Anonymous 7/19/2025, 12:47:30 AM No.105951461 [Report] >>105951753

>>105945283
I know this is bait, but the OP shows how long the numbers are. The element in the fifth row ans fifth column correspond to something like 12345×98760, not 5×5

Anonymous 7/19/2025, 1:32:05 AM No.105951753 [Report] >>105952160

IMG_0719.png md5: c0326320...

>>105951461
As someone else explained, that chart is showing it fails this every single time:
1234567890x100

Computing is the thing COMPUTERS are supposed to be best at, so it’s noteworthy that LLMs fail so badly. And it’s no wonder if you know the absolute basics about LLMs and how they work. But AI coomerbros want to have it both ways.

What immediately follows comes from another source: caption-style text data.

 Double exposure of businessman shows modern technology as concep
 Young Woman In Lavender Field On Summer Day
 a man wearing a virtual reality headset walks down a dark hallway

Anonymous 7/19/2025, 2:37:23 AM No.105952160 [Report] >>105952548

>>105951753
(10 digits)x(3 digits) is above 90%, actually

Anonymous 7/19/2025, 2:46:42 AM No.105952212 [Report]

>>105945163
>5510887582 x 22919720567438908647
1,263,272,981,903,155,902,903,879,654
chatgpt 4o

Anonymous 7/19/2025, 3:06:40 AM No.105952370 [Report] >>105952501 >>105952550

ai can code
so why doesnt ai just realize it should code a solution

Anonymous 7/19/2025, 3:23:38 AM No.105952501 [Report]

>>105952370
Isn't giving AI the ability to code itself how the world ends?

Anonymous 7/19/2025, 3:25:58 AM No.105952521 [Report]

you've been able to give complex math problems to wolfram alpha in plain english for years
just stick a llm on top of that

Anonymous 7/19/2025, 3:28:01 AM No.105952536 [Report]

>>105945118
Yeah, this board is retarded as fuck. How does a tech board not understand what an LLM is

Anonymous 7/19/2025, 3:29:36 AM No.105952548 [Report] >>105952839

>>105952160
> reading is hard
maybe ask gpt to interpret the charts for you

Anonymous 7/19/2025, 3:30:03 AM No.105952550 [Report]

>>105952370
chatgpt has been doing this under the hood with python sandboxes for quite some time now. im sure others do it too

Anonymous 7/19/2025, 3:33:10 AM No.105952571 [Report]

1748451683919556.jpg md5: 3d2518b8...

>>105945586

Anonymous 7/19/2025, 4:20:58 AM No.105952839 [Report]

>>105952548
It gets it right:
-96.2% of the times in row 10 column 3
-84.6% of the times in row 3 column 10

So yeah not always above 90%, fair enough, I only read the first value. My statement is still closer to the truth than "it fails this every single time", however. If I had to guess, I would also assume that multiplying by 100 has a way higher success rate than an arbitrary 3 digit number.

Anonymous 7/19/2025, 4:31:53 AM No.105952885 [Report]

>>105951427
Sounds like you're just really into cuck shit

Anonymous 7/19/2025, 4:35:08 AM No.105952898 [Report]

>>105945105 (OP)
give it a tool call. get with the times

Anonymous 7/19/2025, 5:14:58 AM No.105953200 [Report]

>>105945118
Something is off.
These models can actually reason and even argue.
That should not happen with a mere text generator.